SPINN

Simple Pun Identification Neural Net

This is a course project for MIE324 done by Yu Shen Lu & Yan He

(see for pdf version of this document)

Introduction

This document describes the design and implementation of the Simple Pun Investigation Neural Net (SPINN) to detect and locate English homographic puns. Subtle wordplay is difficult for a computer to process; thus, we use a divide and conquer strategy to break down this problem into two subtasks: pun detection and pun location. SPINN utilizes the traditional neural net models as well as SenseGram [1], a word sense disambiguation (WSD) tool that evaluates the likelihood of a given word having a certain meaning based on the context.

For language learners, puns are one of the hardest concepts to grasp. One would need to understand multiple meanings of a word, in order to realize that it is being used in an intentionally ambiguous and humorous way. Puns demonstrate how a word can be used in different contexts, so studying puns is a useful way to learn new vocabulary.
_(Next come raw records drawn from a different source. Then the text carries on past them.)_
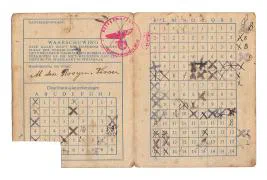 Distributiestamkaarten van Dhr. Bastiaan van Rooijen en zijn vrouw Maria Visser van Rooijen uit Sliedrecht.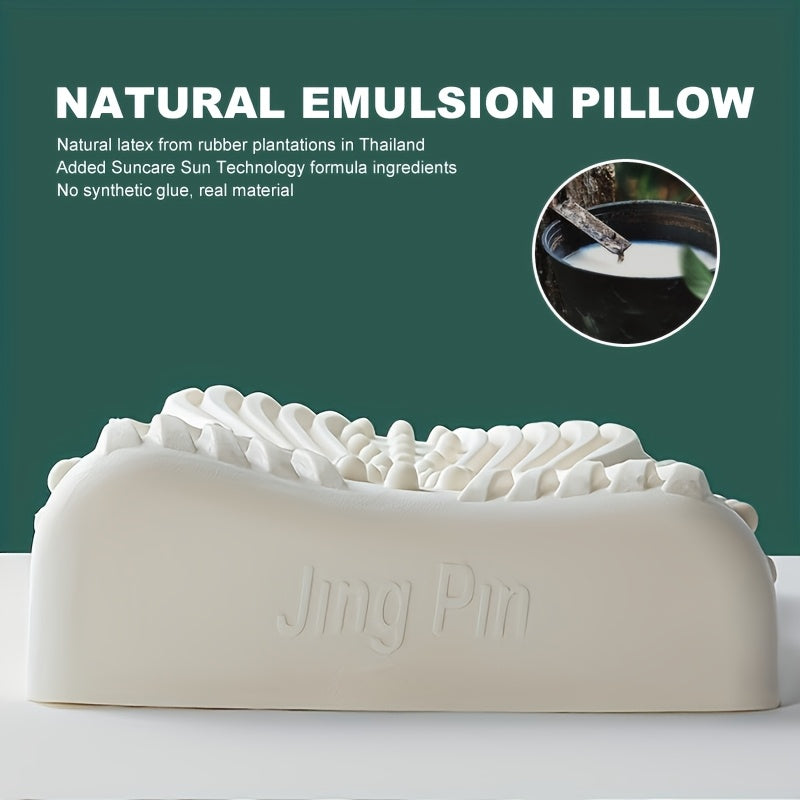 1pc Ergonomic Cervical Pillow - 70% Natural Latex Neck Support Pillow with Contoured Neck Curve Design, Machine Washable & Breathable for Spinal Alignment, White, Cervical Neck Pillow, Textured Surface, Soft Wrap Construction
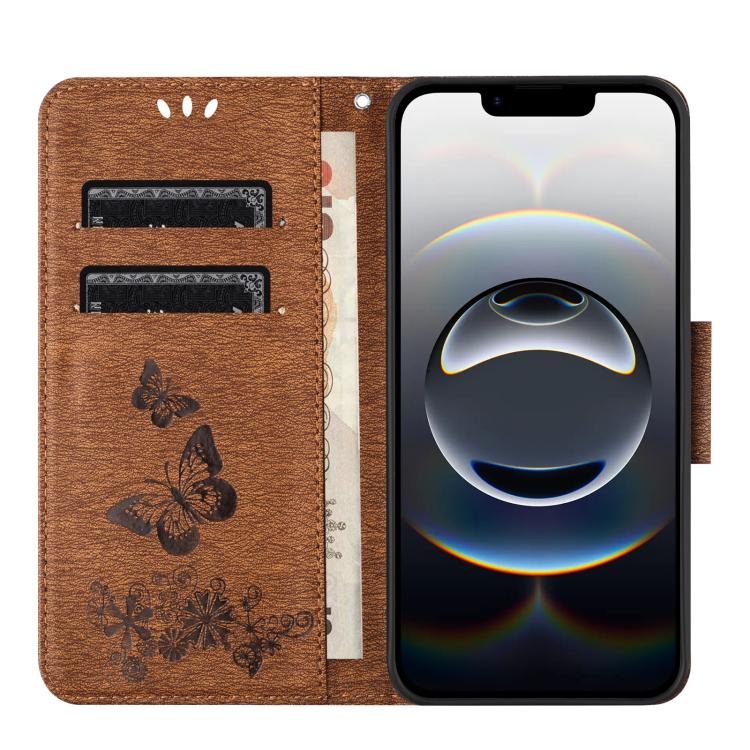 For iPhone 16e Butterfly Embossed Flip Leather Phone Case(Brown) - iPhone 16e Cases by PMC TechLife | Online Shopping South Africa | PMC TechLife | Buy Now Pay Later Mobicred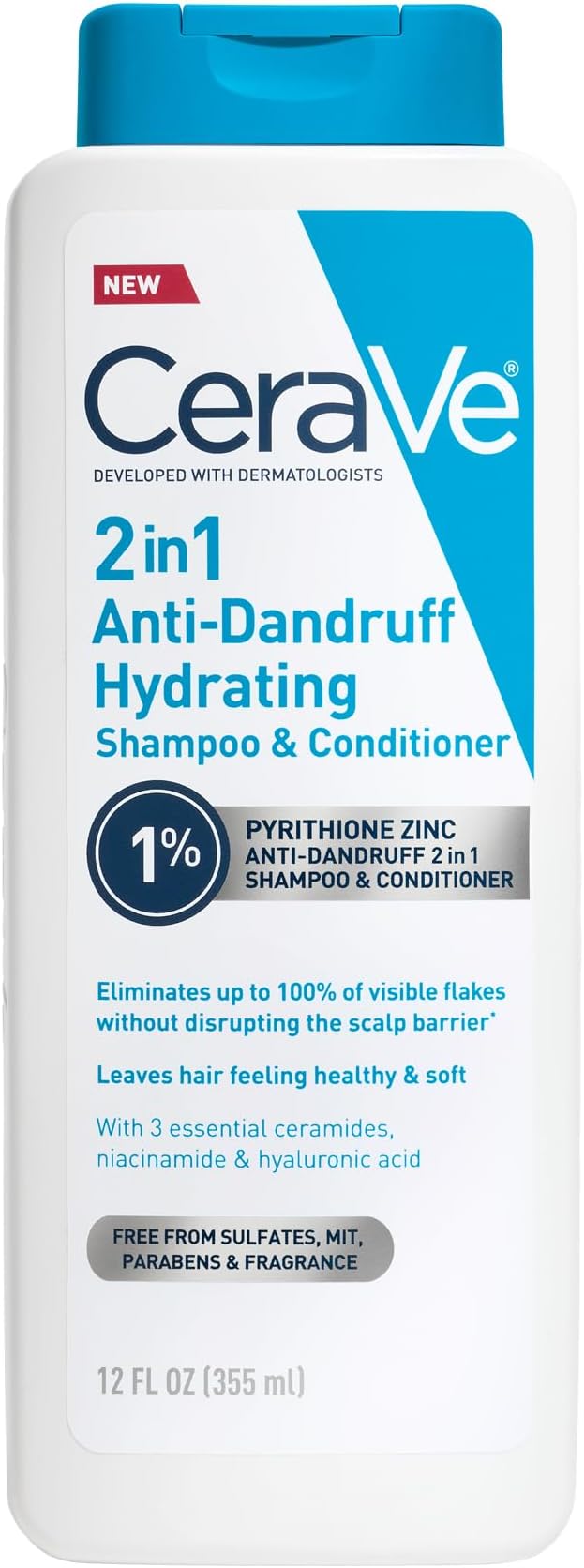 2 In 1 Hydrating Anti Dandruff Shampoo And Conditioner, 1% Pyrithione Zinc Dandruff Treatment, Color Safe & Sulfate Free Shampoo And Conditioner, Helps Eliminate Dandruff & Relieve Itchy Scalp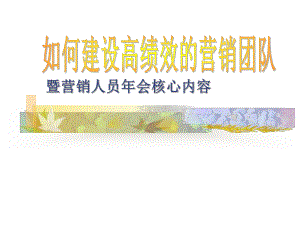 如何建设高绩效的营销团队(教材)课件.ppt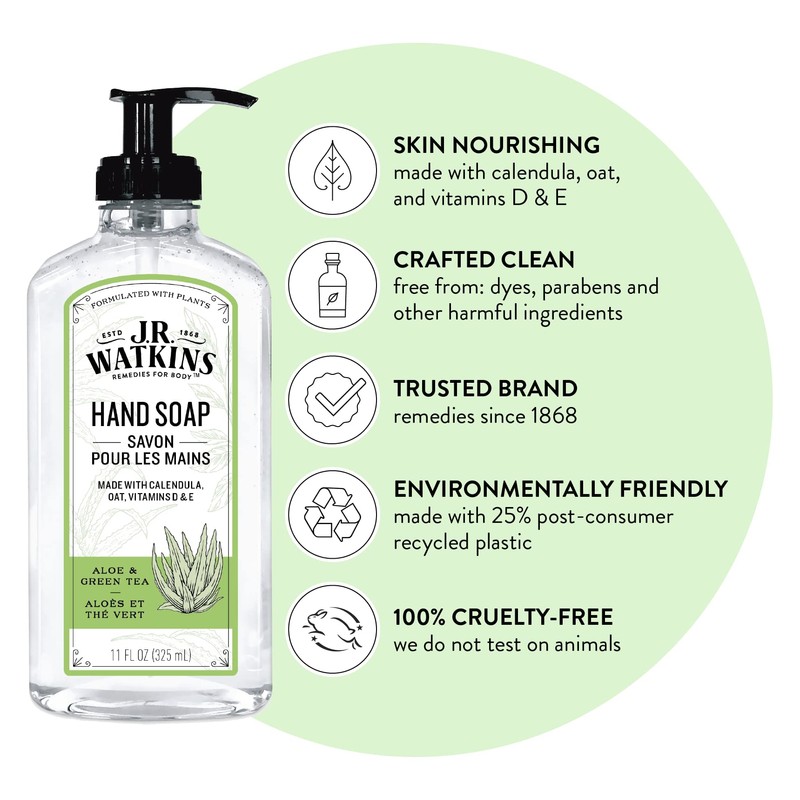 J.R. Watkins Gel Hand Soap, Scented Liquid Hand Wash for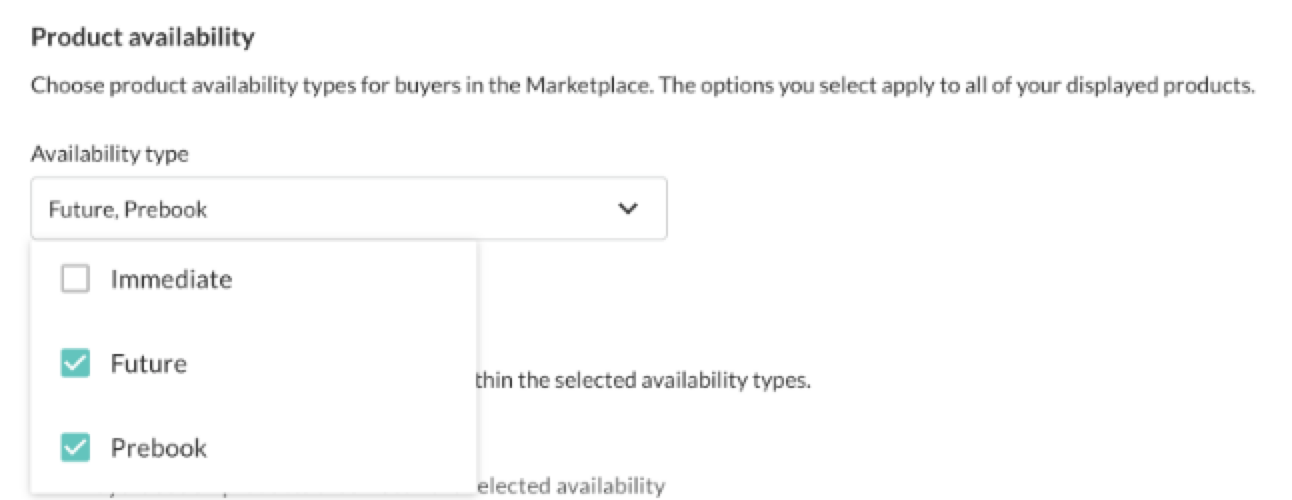 Image of Product availability options in Marketplace settings.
For people who are learning English as a second language, puns can cause confusion and lead them to misunderstand sentences.

There are mainly two types of puns in the English language, homographic and homophonic. Homographic puns involve a play on meaning, and homophonic puns involve a play on pronunciation. The latter is much more difficult to detect, because homophonic puns often rely on approximate pronunciation and irregular spelling. Therefore, SPINN will focus solely on homographic puns, which involve the same word being used in two contexts. An example of a homographic pun is: “I used to be a banker, but I lost interest.” In this example, the word “interest” is the pun and can be interpreted as both “dividends” and “enthusiasm”. We would like SPINN to check if a sentence contains a homographic pun and locate the punning word so that the user can find the meanings behind the pun.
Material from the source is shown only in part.